The complex roots of the equation $x^n = 1$ lie on the unit circle.

Suppose $n$ goes large. Is it correct to say that all the roots of $x^n=1$ form a circle of radius one?

Answer 1

Well, strictly speaking, the set of points $x$ in the complex plane satisfying $x^n-1=0$ for some $n$ is exactly the set of points $e^{i\pi r}$ for rational $r$ - that is, any point on the unit circle whose argument is a rational number times $\pi$. This set is dense in the unit circle, but it's not the whole unit circle by a long shot.

However, we can characterize the unit circle as the points $x$ such that $$\liminf_{n\rightarrow\infty}|x^n-1| = 0$$ since the argument of $x^n$, as $n$ increases, will be dense mod $2\pi$ if it is not a rational multiple of $2\pi$, and it's trivial to show that if $|x|<1$, then the above limit is $1$, and if $|x|>1$, the above limit is $\infty$, sufficing to show that the above describes exactly the unit circle.

Answer 2

No luck there. Note that for every $n$, $x^n-1$ has $n$ roots, so it only generates $n$ points on the unit circle.

Even if we take the union over all integer $n$ of the roots of $x^n-1$, we only have a countable number of points while there are an uncountable number of points on the unit circle.

Answer 3

Assuming $n\in\mathbb{N}$, the answer is no.

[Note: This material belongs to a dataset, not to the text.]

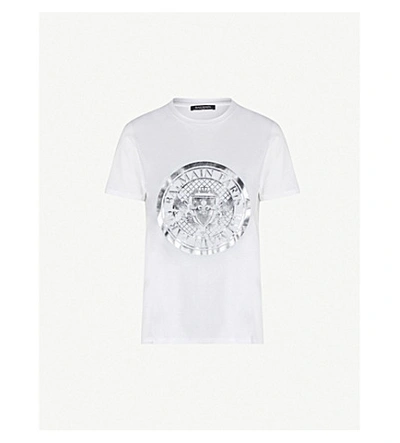 Shop Balmain Metallic Logo Coin-print Cotton-jersey T-shirt In Blanc Argent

The length of every root of $x^n=1$ is $1$.

The larger $n$ gets, the more roots you have.

So your question makes quite good sense in that aspect.

But the roots of $x^n=1$ are $(k\cos\frac{2\pi}{n},k\sin\frac{2\pi}{n})$ for $k\in[0,n-1]$.

In other words, only complex numbers whose angle with the axises is an integer multiple of $\frac{2\pi}{n}$.

Since there are infinitely many points on the unit circle whose angle with the axises is not an integer multiple of $\frac{2\pi}{n}$, these roots will never "cover it completely" (no matter how large $n$ gets).